Fifth Sunday after Easter – Tuesday
For I reckon that the sufferings of this present time are not worthy to be compared with the glory which shall be revealed in us. – Romans 8:18.
The children of God in this world do not suffer less, but more than unbelievers. For the devil and the wicked world are against them; they are also harassed by their own flesh and blood, which it is their duty to crucify and which it is also their desire to crucify; and God chastises them in Fatherly mercy, it is true; but it still smarts. The narrow way, which leads to heaven, is beset with afflictions. Where does that narrow way lead? To heaven. Ah! so it is. That comforts and quickens. The narrow way of suffering leads to heaven, to the fullness of eternal life. The broad way, the way of the ungodly world, so agreeable to flesh and blood, leads not to life, but to damnation. Therefore, as the children of God, we surely want to walk the narrow way. And the heavenly glory which has been promised to all of God’s people, that glory which awaits us at the end of the narrow way, that glory which follows upon the sufferings of this present time, that glory is so exceedingly great, and everlasting, “that the sufferings of this present time are not worthy to be compared with [that] glory;” these sufferings are as nothing when considered alongside of the glory of heaven.

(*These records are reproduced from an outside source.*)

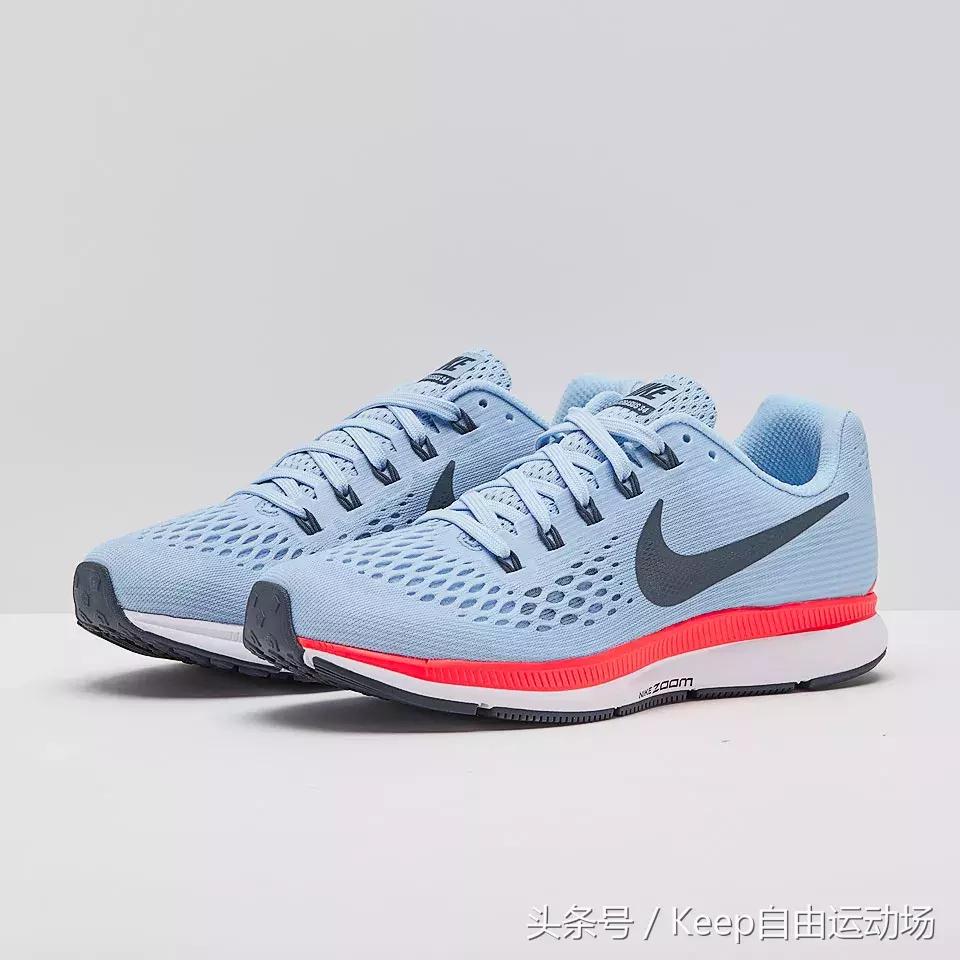 装备*党**推荐|五款爆款跑鞋及初春跑步方案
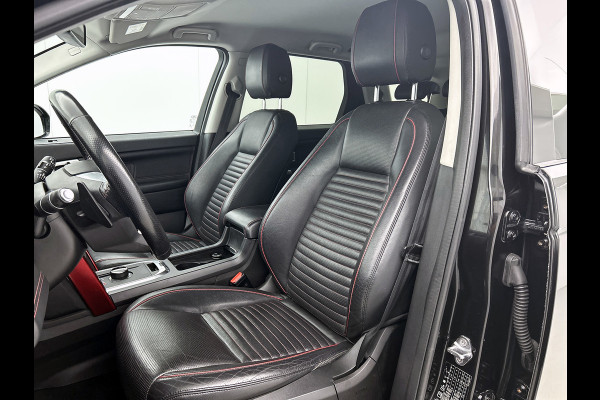 Land Rover Discovery Sport 2.0 TD4 Urban Series HSE Dynamic(Goed OnderH, Navi, Camera, Parkeersensoren, StoelV, Cruise Com, Etc)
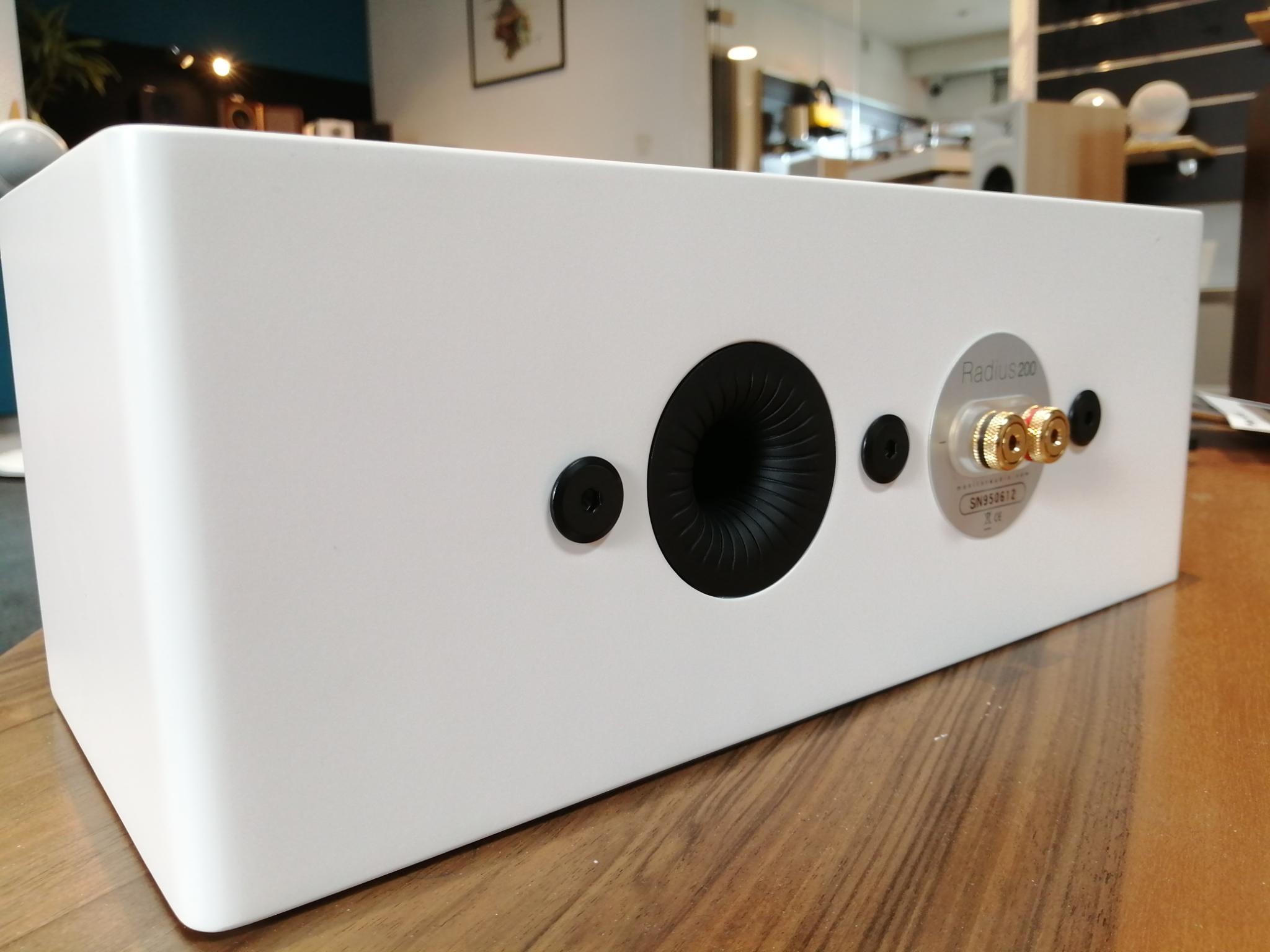 Radius 200 – Image 4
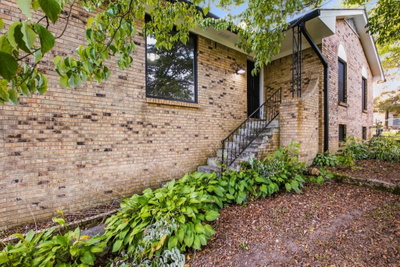 1444 Highway 52, E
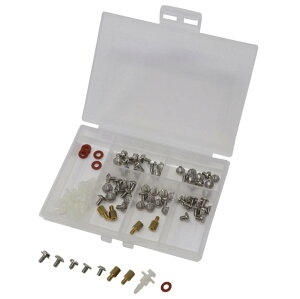 yzAClbNX lWZbg P[Xt PB-028A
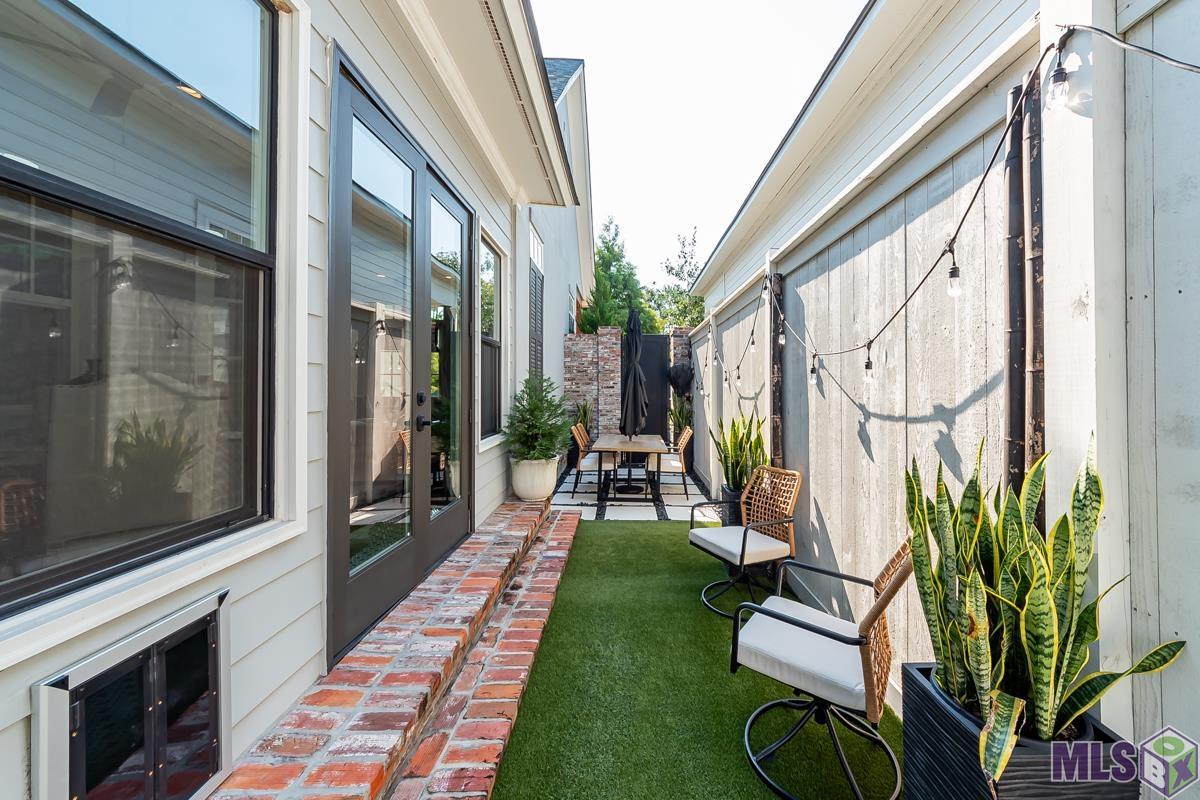 2029 Deaux Parc Drive Baton Rouge, LA 70808 - Photo 6 of 29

In consideration of this glory, we are to gladly bear the sufferings which the trusty hand of God allows to visit us on our pilgrimage to heaven. These afflictions are not given us for our detriment, but for our benefit, to focus us on our need of God’s grace in order to remain “faithful” (Revelation 2:10) until the end of our earthly life. Shall we be put to shame by the ungodly people of this world who, to acquire some earthly treasure, some temporal good, often undergo grievous hardships and misery without minding these at all? Yet, how often are they disappointed in the results of all their efforts? Their earthly treasure, their fortune, may vanish away. But we, the children of God, shall not be disappointed in “the glory which shall be revealed in us” in heaven. We shall most certainly obtain the glory which shall be revealed in us; for God is true, who promises these blessings to us; He “cannot lie” (Titus 1:2). And this glory of heaven is “incorruptible, and undefiled, and that fadeth not away” (I Peter 1:4); this heavenly inheritance will not vanish away from us. All other treasures vanish, but we, “the righteous” (Psalm 1:6), shall remain, by God’s grace alone, in possession of our inheritance in all eternity.
Therefore, with the glory of heaven waiting for us and all believers, continue to willingly suffer, O Christian, whatever falls to your lot. God will give you the strength to “bear it” (I Corinthians 10:13). He will give you “grace to help in time of need” (Hebrews 4:16). “O give thanks unto the Lord, for He is good, for His mercy endureth forever” (Psalm 136:1)!
PRAYER – Lord, my God, right well do I know that the sufferings of this present time are not worthy to be compared with the glory which is to be revealed in me, yes, in me. But Thou knowest how weak and faint-hearted I am at times, and how easily I become discouraged. Have mercy upon me, faithful, gracious God, and help me, with Thy living, powerful Word, the sword of the Spirit, no matter what sufferings come into my life, to focus more and more on that “inheritance incorruptible, and undefiled, and that fadeth not away, reserved in heaven for [me]” (I Peter 1:4). This I pray for Jesus’ sake. Amen.
This I believe, yea, rather, of this I make my boast;
that God is my dear Father, the Friend who loves me most;
and that, whate’er betide me, my Savior is at hand,
through stormy seas to guide me, and bring me safe to land.
My heart for joy is springing and can no more be sad;
‘tis full of mirth and singing, sees naught but sunshine glad.
The Sun that cheers my spirit, is Jesus Christ, my King;
that which I shall inherit, makes me rejoice and sing.